Going through puberty, losing a loved one, moving house, going through menopause, starting a new job, going to university or losing a job can all cause anxiety.

“Life events can trigger anxiety, and we can’t predict who’s more at risk of that happening to,” says Clinical Psychologist Dr Epenesa Olo-Whaanga. “We know that when people are exposed to high stress events in a very short space of time, that can also make it more likely that they will experience anxiety.”

Becoming a parent can be one such high stress event. As a young mum, social media personality Krystine Nation struggled with postnatal anxiety, but was told she probably just had the baby blues.

“My anxieties got bigger and bigger,” Krystine says. Her mental health spiralled to the point that she had to see a hospital crisis team.
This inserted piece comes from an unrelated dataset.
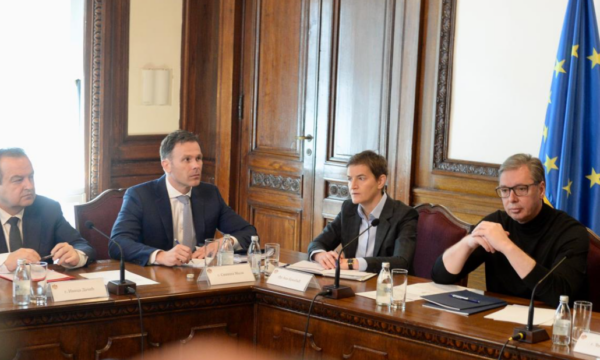 Vuçiq mbledh Këshillit për Siguri Kombëtare, raportohet se u diskutua për Kosovën dhe BeH-në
Mental Health Nurse Jenna Goldsworthy says there’s a lot of pressure on mums.

“Often families have to have the mums work, and they’re taking care of the house, taking care of their children, and on top of that there’s a lot of social media and a lot of influence about how you should be a mum. I think that pressure on people is actually quite a lot,” she says.

Olo-Whaanga says the pressure on mums shouldn’t be seen as normal, and that parents should be supported.

“We know enough in New Zealand when we look at our stats around perinatal mortality, that we need to do more to support women in this area,” she says.

Becoming a parent isn’t the only life event that can trigger anxiety. Ivan Yeo, Deputy Director Asian Family Services, felt anxious when he first started university – and like many young people, he used alcohol in an attempt to calm his nerves.

Drugs and alcohol are common coping mechanisms – and so is avoidance.

Anxiety New Zealand Trust National Manager Goldie Hamilton says avoidance is when we stop doing the things that make us feel anxious.

“In the long term, that’s actually a very problematic coping strategy,” she says. “You don’t get the opportunity to learn how to cope.”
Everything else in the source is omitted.